Going through the material below, output exactly the lines from the one containing "683 SE Dapple" through the one containing "Albergo La Pace Pradleves Экстерьер фото", and no pictures.

───── DATA SUPPLIED ─────

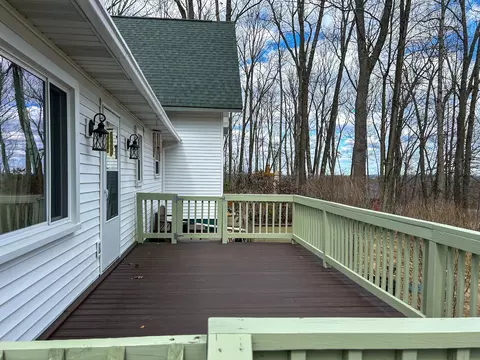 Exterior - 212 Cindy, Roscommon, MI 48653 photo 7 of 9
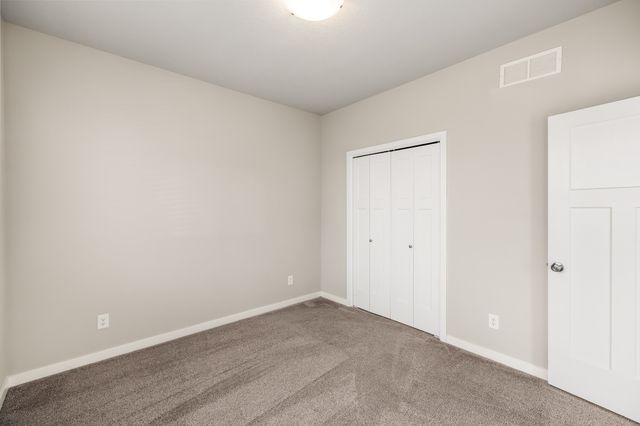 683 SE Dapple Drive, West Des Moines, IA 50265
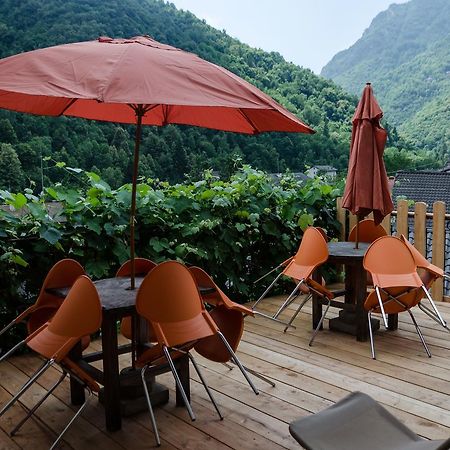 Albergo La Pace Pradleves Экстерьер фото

─────
───── DATA SUPPLIED ─────

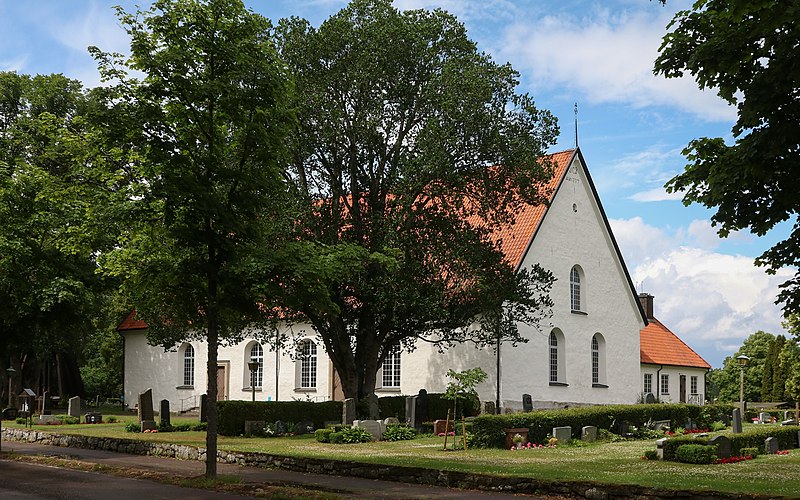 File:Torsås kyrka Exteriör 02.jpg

─────

* **SOLVED PROBLEM**:
 683 SE Dapple Drive, West Des Moines, IA 50265
 Albergo La Pace Pradleves Экстерьер фото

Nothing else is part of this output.